Dua peristiwa besar, tewasnya saksi kunci dan hilangnya nama nama anggota DPR yang menerima aliran dana kasus e- KTP, kian memperuncing pengusutan kasus besar yang dilakukan oleh KPK. Komisi Pemberantasan Korupsi (KPK) selaijn di tekan oleh politisi di Senayan dengan pembentukan Pansus KPK, juga mendapat tekanan dari beberapa pihak.
“Dari informasi yang diterima KBRI Washington DC dari otoritas keamanan AS, jenazah yang ditemukan meninggal adalah Johannes Marliem,” ujar Armanatha Juru bicara Kementerian Luar Negeri. Johannes Marliem dikabarkan tewas diduga bunuh diri. Hanya saja hingga saat ini belum diketahui apa penyebab kematian Marliem.
Dalam surat tuntutan jaksa KPK terhadap terdakwa Irman dan Sugiharto, keterlibatan Johannes sedikit diungkap. Dia merupakan provider produk Automated Finger Print Identification System (AFIS) merek L-1. Marliem juga merupakan Direktur Biomorf Lone LLC, Amerika Serikat, perusahaan penyedia layanan teknologi biometrik.
Sementara itu, majelih hakim Tipikor yang menangani kasus e-KTP, dicurigai KPK sebagai biang hilangnya nama nama anggota DPR RI penerima aliran dana e KTP dari tersangka kasus KTP. Komisi Yudisial (KY) akan memeriksa majelis hakim Pengadilan Tipikor Jakarta terkait lenyapnya sederet nama anggota DPR dalam vonis korupsi e-KTP. Hilangnya nama-nama tersebut terungkap saat Majelis hakim Pengadilan Tipikor Jakarta membacakan vonis untuk dua terdakwa kasus e-KTP, Irman dan Sugiharto.

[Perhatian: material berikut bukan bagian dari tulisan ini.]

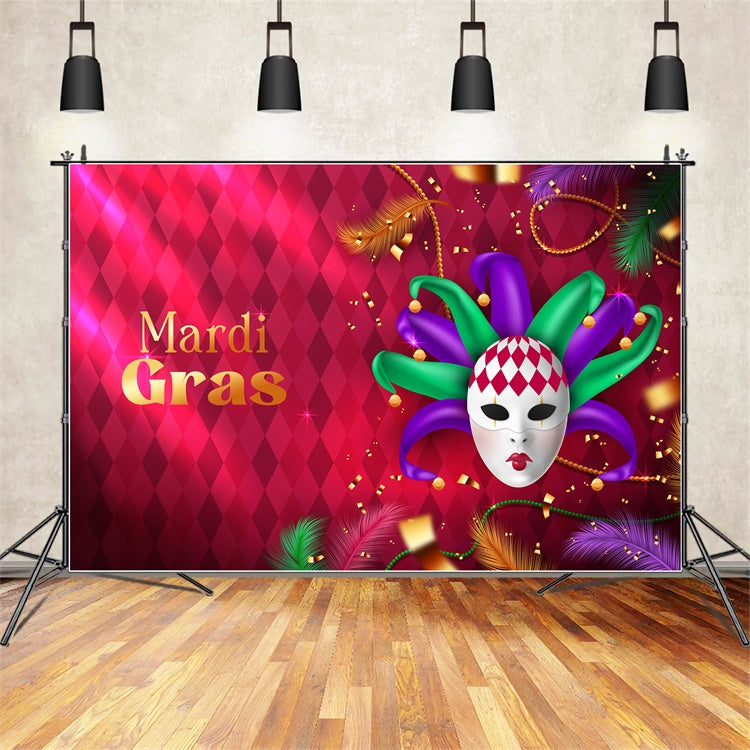 Mardi Gras Photo Backdrop Jester Mask Celebration Backdrop XY2-84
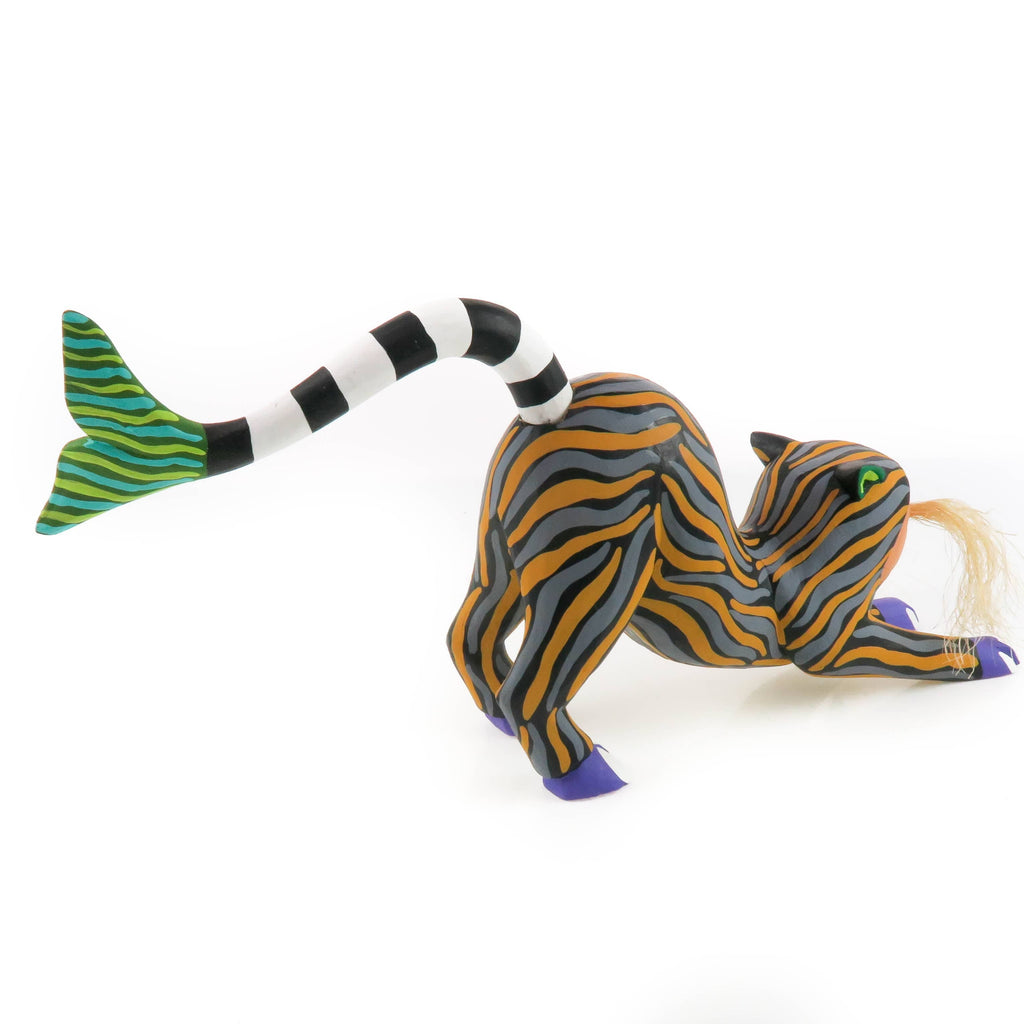 Nahual Jaguar Man Fusion - Oaxacan Alebrije Wood Carving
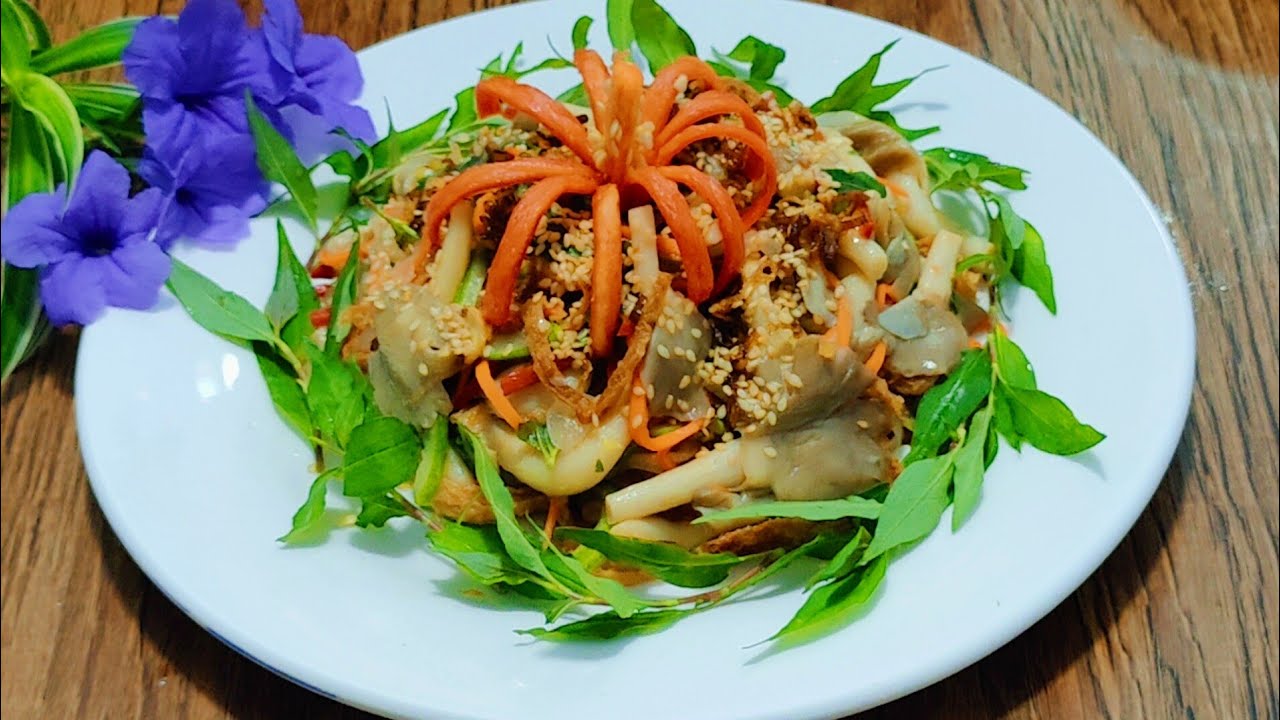 Món chay ngon| Cách làm gỏi nấm bào ngư/ Vegan food| Tomu food
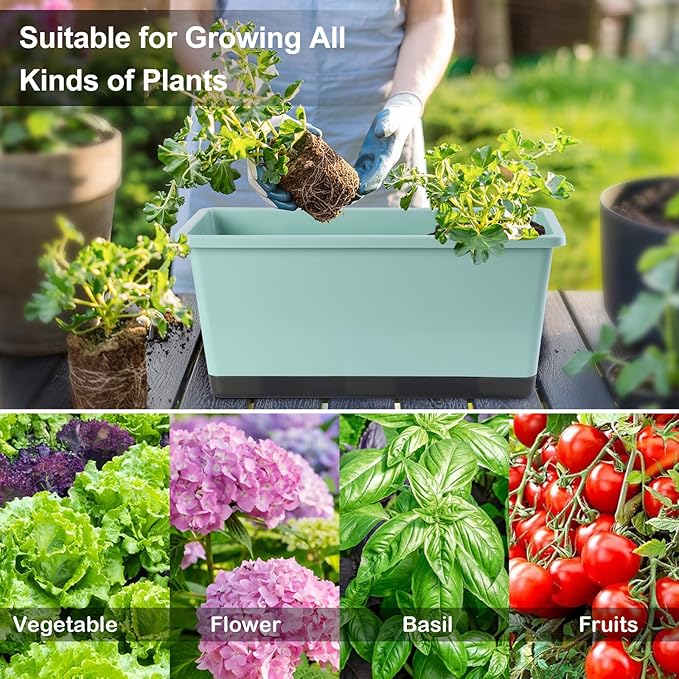 Window Box Planter 6 Pcs, 17 Inches Rectangle Flower Pots - Image 7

Awalnya, ada 13 nama anggota DPR dari 38 pihak yang diduga menerima duit e-KTP di tuntutan maupun dakwaan jaksa. Di vonis itu, tersisa 19 pihak yang masih disebut hakim. Sebagian besar nama yang menghilang merupakan anggota DPR aktif, ataupun eks anggota DPR.
“Kita akan memeriksa (majelis hakim) ada proses yang harus dilewati l, karena harus ada pemeriksaan saksi-saksi dan bukti. Dan mungkin saja kalau dibutuhkan, hakim yang bersangkutan diperiksa,” ujar Ketua KY Aidul Fitriciada Azhari. ( ed )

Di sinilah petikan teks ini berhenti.